Finding a job part 7

A person wrote to me: “I graduated four years ago but still unemployed. My degree is worthless, and my college education did not help me at all. Currently, I still stay with my parents knowing that they are disappointed with me, but I do not know what to do with my life. I feel miserable and bitter about myself. I have read your blog on career advice, but do not know how to start. Please advise.”

I wrote back to him in a personal email but want to share with you about my view on this situation. For many years, I have written many articles offering career advice, but they only help if people who read them do something about it. That means they can use my advice as a guide and take action to improve their career. It is essential that they must set a career direction and do something to achieve it, reading alone does not help. No one can live their lives just by reading career advice and hope. It is essential to work hard if you want to get out of your parents’ house and be independent.

You cannot continue to stay home with your parents and feel bitter about yourself. You may follow advice on my blog to find a job, any job, regardless whether it suits your education or not. What you need is to bravely go to work as you are capable of doing something, and with a little bit of luck, and the power not to give up, you will get a job. It may not be what you want, but at least you will get a job that helps you to gain confidence and feel valuable. I know that finding job is HARD, but it is not impossible.

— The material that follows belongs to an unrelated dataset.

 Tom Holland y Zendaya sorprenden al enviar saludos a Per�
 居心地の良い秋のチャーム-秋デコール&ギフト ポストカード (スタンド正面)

The problem that you stay unemployed for many years is probably due to your indecisive. Maybe you are unwilling to settle for any job that does not fit your degree or a typical career for a college graduate. Today the “degree to-career” process does not work anymore. You must learn to adapt to the changing environment, to the job market by changing your mind. When you go to work, you will feel more comfortable that you are a productive person and overtimes, you will find your new passions.